Stachova joined the S+H theatre when she finished her secondary school studies. After graduating from the Theatre Faculty of the Academy of Performing Arts in Prague (DAMU), she became a member of the popular ensemble in 1966. In the 1967 she started playing the role of the girl Manicka who was the main partner of the father and son team of Spejbl (Spaybul) and Hurvinek (Hurveenek).
She married the theatre director and puppeteer Milos Kirschner (1927-1996) who created a new puppet character of granny Mrs Katerina for her in 1971. Manicka and Katerina have become the female counterparts of Spejbl and Hurvinek and they are highly popular in the Czech Republic.

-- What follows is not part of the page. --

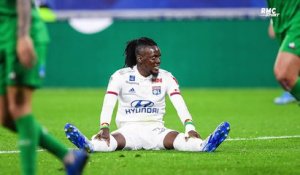 OL : Traoré demande plus d'encouragements de la part des supporters (et veut rester)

Stachova started playing the female roles also in foreign languages. The theatre has been travelling all around the world, performing in the languages of the host countries. Under Kirschner, it had performances in 18 languages, and under his successor Martin Klasek in 12 languages.

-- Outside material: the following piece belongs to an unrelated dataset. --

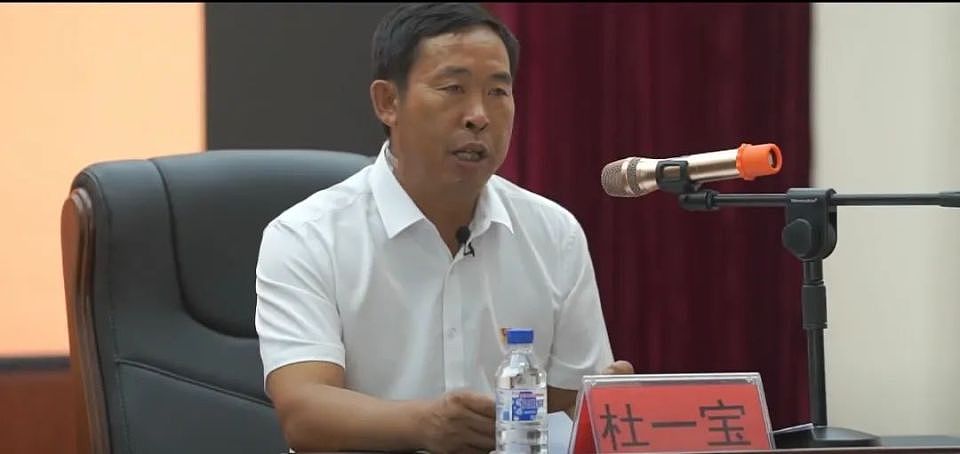 4600万元的村企,被“明星书记”搞垮了(组图) - 1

Klasek said he joined the ensemble at the age of 16 and performed 44 years together with Stachova. “She was the soul of the theatre,” he said.

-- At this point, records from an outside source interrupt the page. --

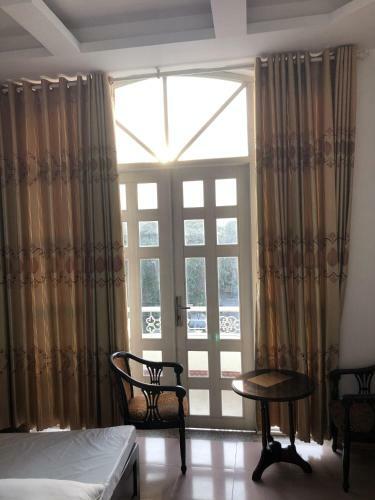 Thanh Dat Hotel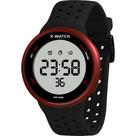 Relógio Xwatch Xport Vermelho Masculino XMPPD484W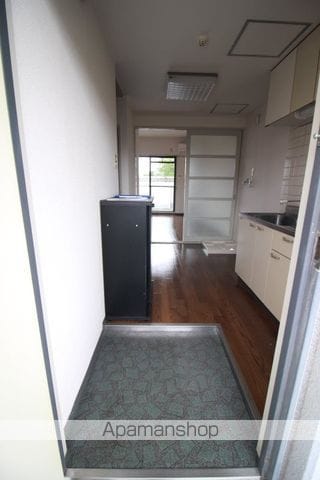 コーポBEEHOUSEの内装写真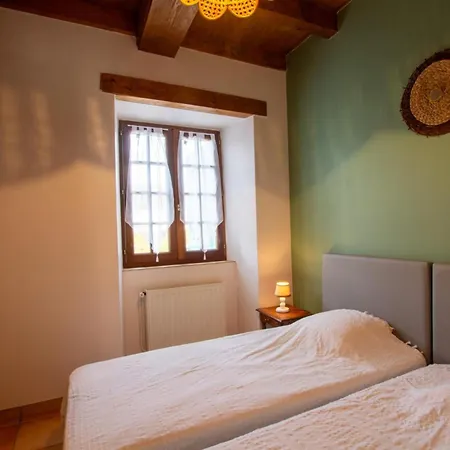 Maison Avec Jacuzzi Partage Et Jardin, Proche Dordogne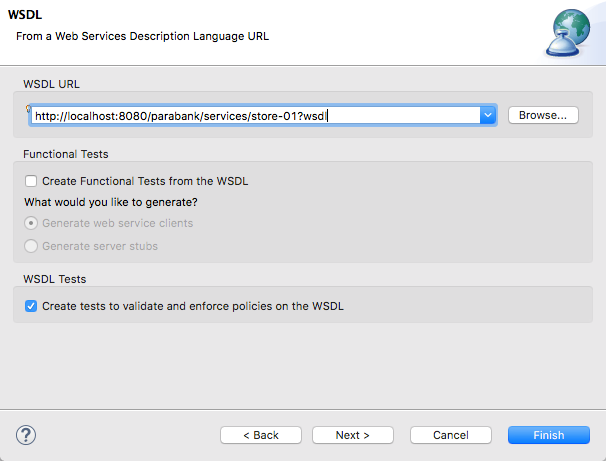 SOAtest and Virtualize with CTP 2025.1 > WSDL Verification > soa-tut-create-wsdl-tut-proj.png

Due to Stachova’s illness, Marie Simsova started playing the role of Manicka lin 2016.
Stachova also worked for the radio and television. In the Czech version of American animated sitcom The Simpsons, she speaks the part of Lisa Simpson. She wrote Czech plays for both children and adults, several books and many scripts. She directed her own plays and was the theatre’s manager after her husband’s death.
The Czech record company Supraphon has issued more than five million records, tapes and CDs with Spejbl and Hurvinek plays.
In 2008, Stachova won the right to use the characters of Spejbl and Hurvinek after an eight-year-long court dispute, thanks to which the theatre could continue its work.
Being founded by Josef Skupa (1892-1957) in 1930, the Spejbl and Hurvinek theatre was the first professional puppet ensemble in the country. Skupa named Kirschner his follower in the interpretation of Spejbl and Hurvinek, and Kirschner later named Klasek in the same way.
Skupa worked for the S+H puppet theatre 30 years, Kirscher 44 years and Stachova 50 years. “I would never change this joint path of ours for anything,” she said previously.